**Work item**
Exclude the images and transcribe the entries below precisely.

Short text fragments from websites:
== Segment start ==

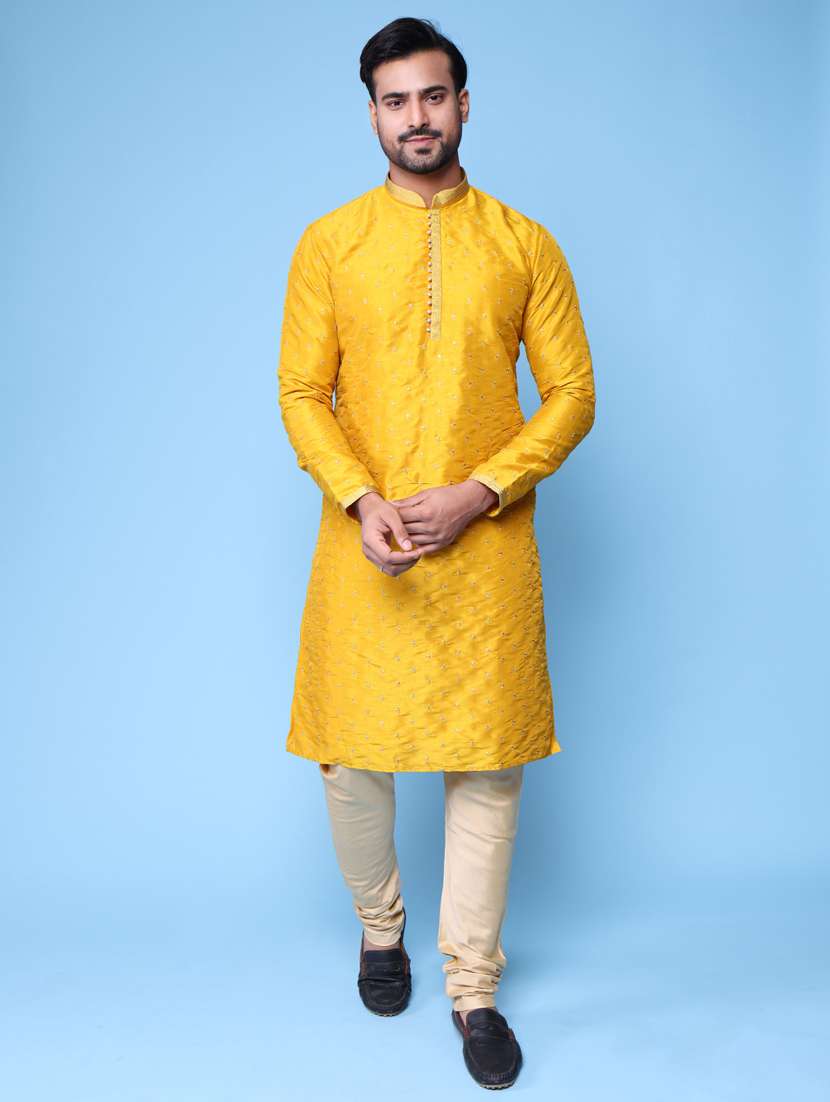men mandarin neck kurta pyjama ethnic wear set - 22075974 - Standard Image - 1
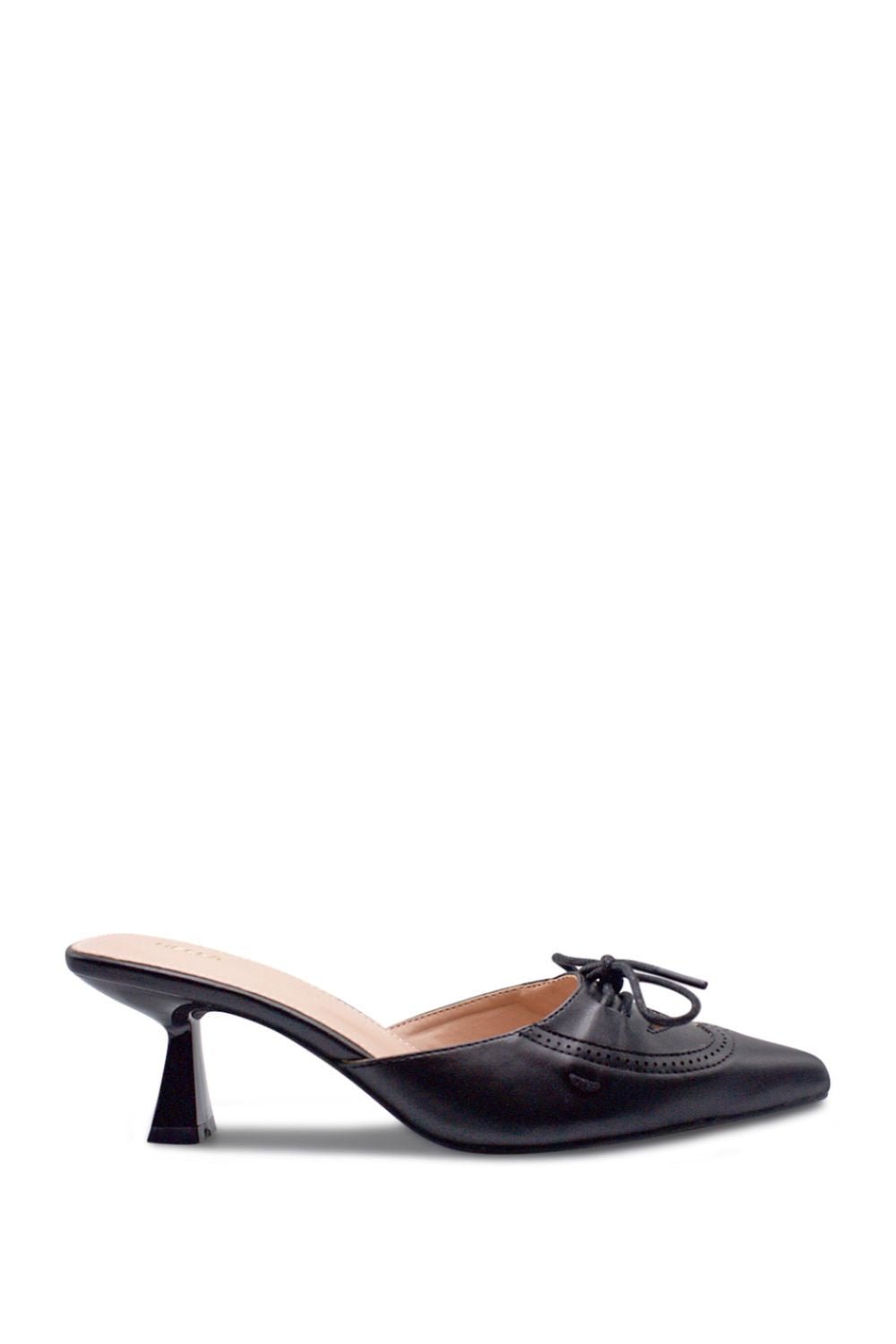 Mazzy Pointed Toe Kitten Heel - BlackHeels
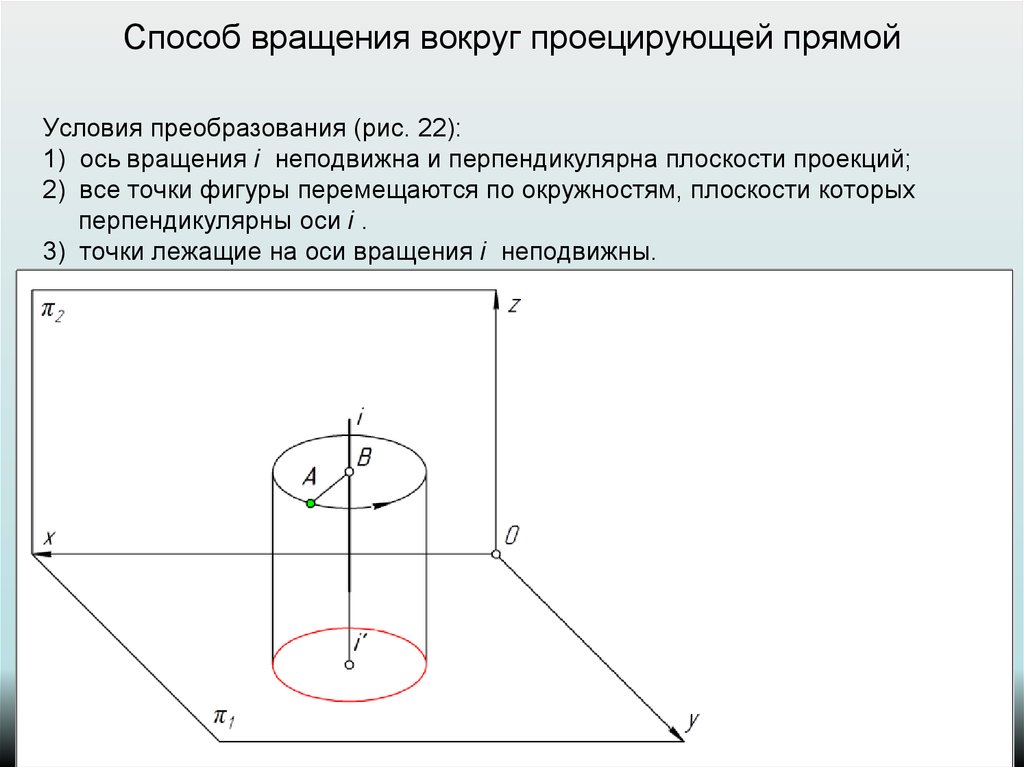 Ось вращения какие линии выбираются в качестве осей вращения при преобразовании чертежа способом вращения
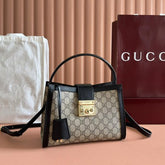 Gucci Padlock Medium Top Handle Bag With OG Box Dust Cover Beige Black 838992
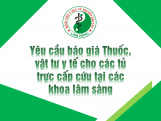 Yêu cầu báo giá thuốc, vật tư y tế cho các tủ trực...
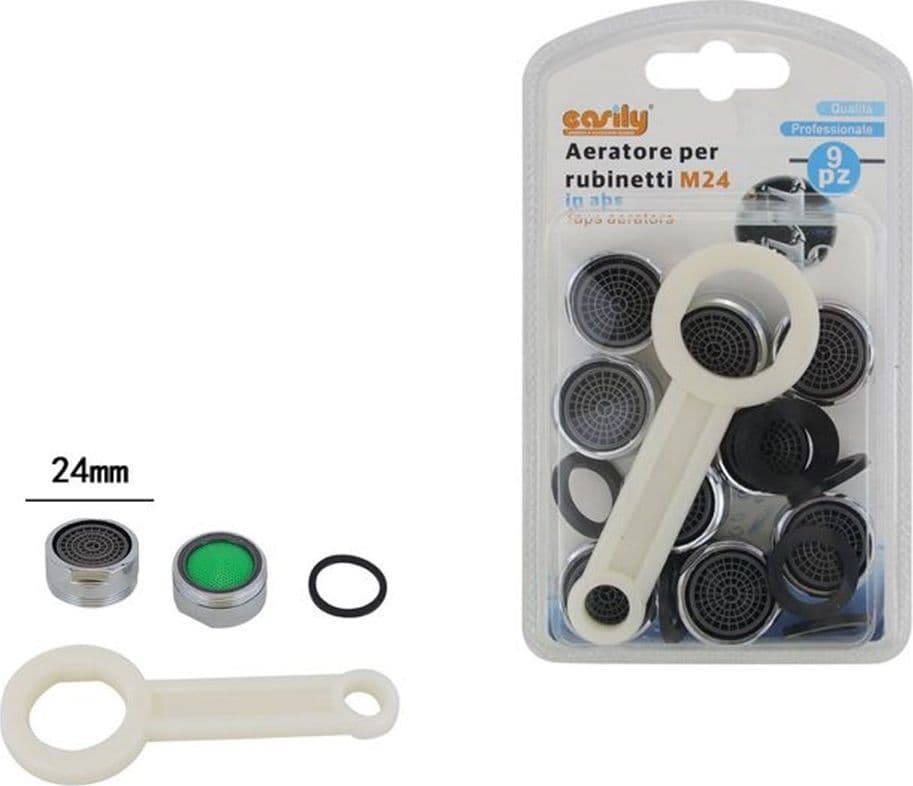 KIT 9PZ AERATORI PER RUBINETTO M24 IN ABS 24MM CHIAVE SERRAGGIO GUARNIZIONI 59031 - 3
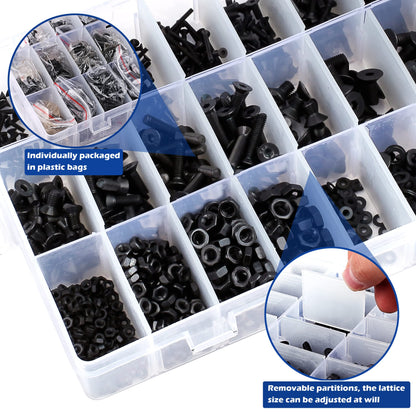 JROUTH 1500pcs Screws Assortment Hex Socket Flat Head Black Screws Nuts and Bolts, M2 M3 M4 M5 10.9 Grade Alloy Steel Hex Flat Head Cap Bolts Nuts Washers Assortment Kit with Hex Wrenches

== Segment end ==

**Expected answer**
men mandarin neck kurta pyjama ethnic wear set - 22075974 - Standard Image - 1
 Mazzy Pointed Toe Kitten Heel - BlackHeels
 Ось вращения какие линии выбираются в качестве осей вращения при преобразовании чертежа способом вращения
 Gucci Padlock Medium Top Handle Bag With OG Box Dust Cover Beige Black 838992
 Yêu cầu báo giá thuốc, vật tư y tế cho các tủ trực...
 KIT 9PZ AERATORI PER RUBINETTO M24 IN ABS 24MM CHIAVE SERRAGGIO GUARNIZIONI 59031 - 3
 JROUTH 1500pcs Screws Assortment Hex Socket Flat Head Black Screws Nuts and Bolts, M2 M3 M4 M5 10.9 Grade Alloy Steel Hex Flat Head Cap Bolts Nuts Washers Assortment Kit with Hex Wrenches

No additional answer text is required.